Activity
When you copy the entries, match them exactly and omit the pictures.

Provided information
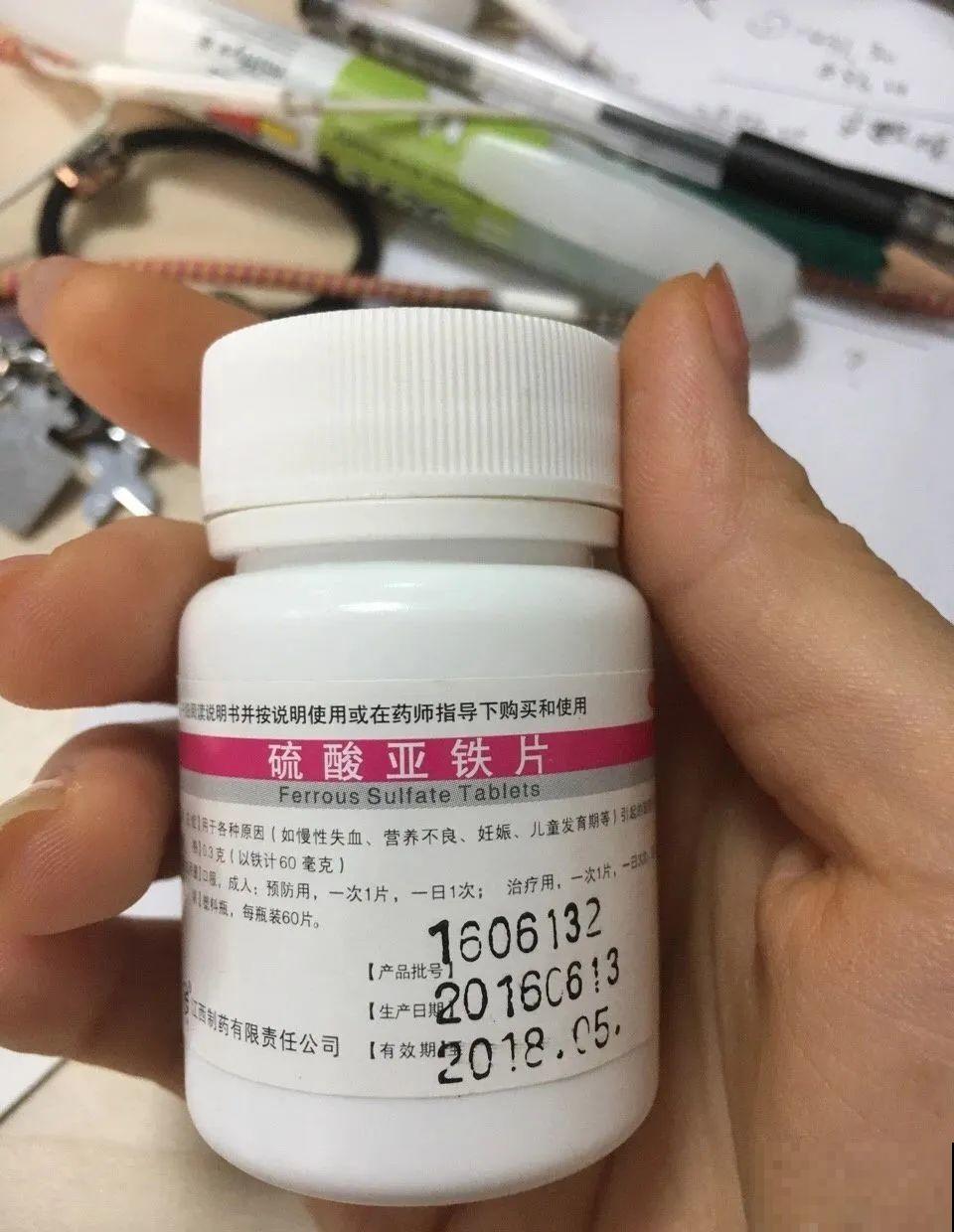 1粒小药片，碾碎丢水里，花像吃了兴奋剂疯长！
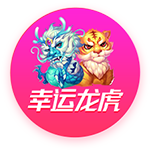 >星空·全站体育APP登录入口2025最新版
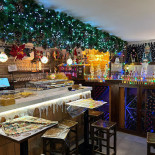 Taberna Do Cais 2024 Extérieur
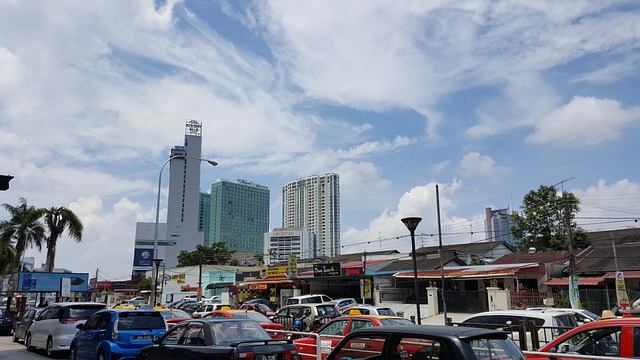 Free Johore Johor photo and picture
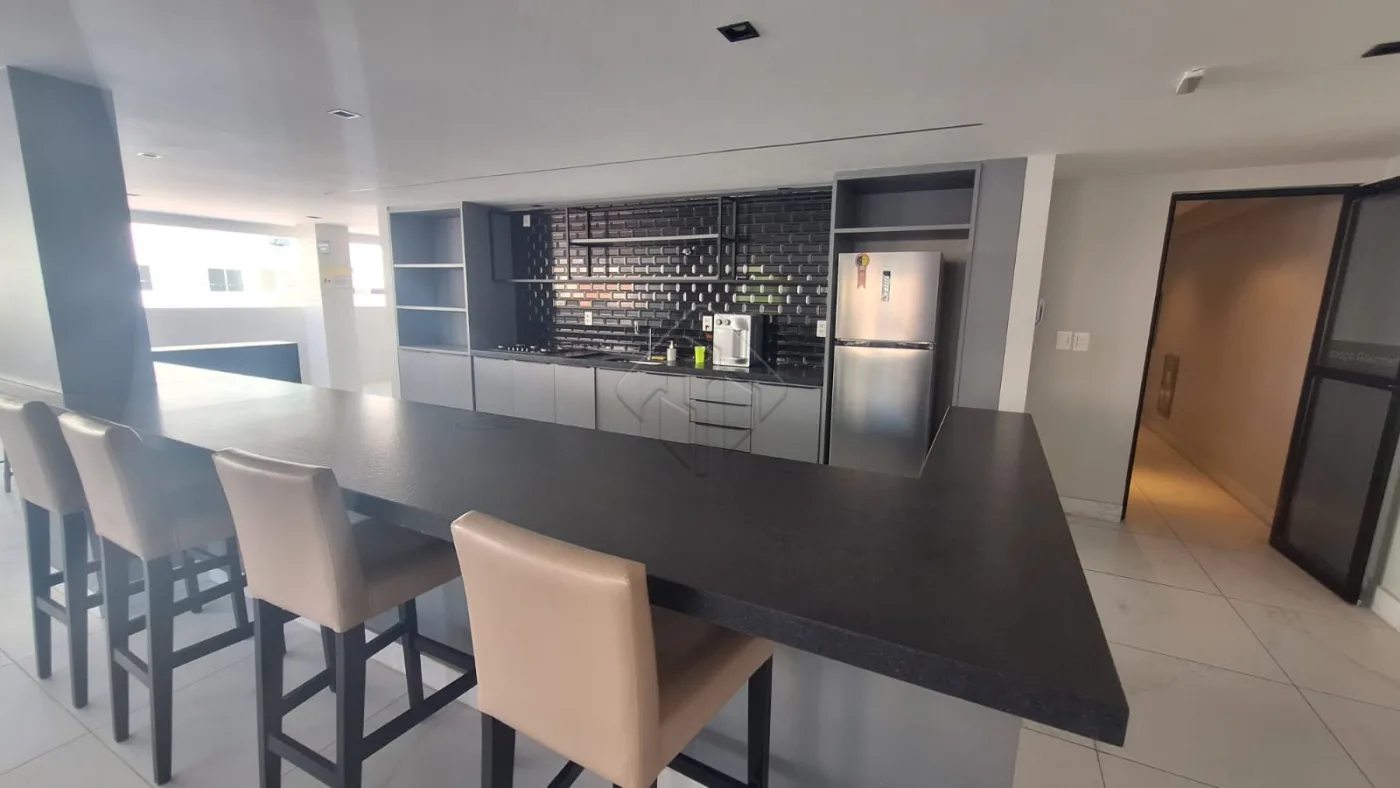 Comprar Apartamento / Padr&atilde;o em Jo&atilde;o Pessoa R$ 749.000,00 - Foto 14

Output of the exercise
 1粒小药片，碾碎丢水里，花像吃了兴奋剂疯长！
 >星空·全站体育APP登录入口2025最新版
 Taberna Do Cais 2024 Extérieur
 Free Johore Johor photo and picture
 Comprar Apartamento / Padr&atilde;o em Jo&atilde;o Pessoa R$ 749.000,00 - Foto 14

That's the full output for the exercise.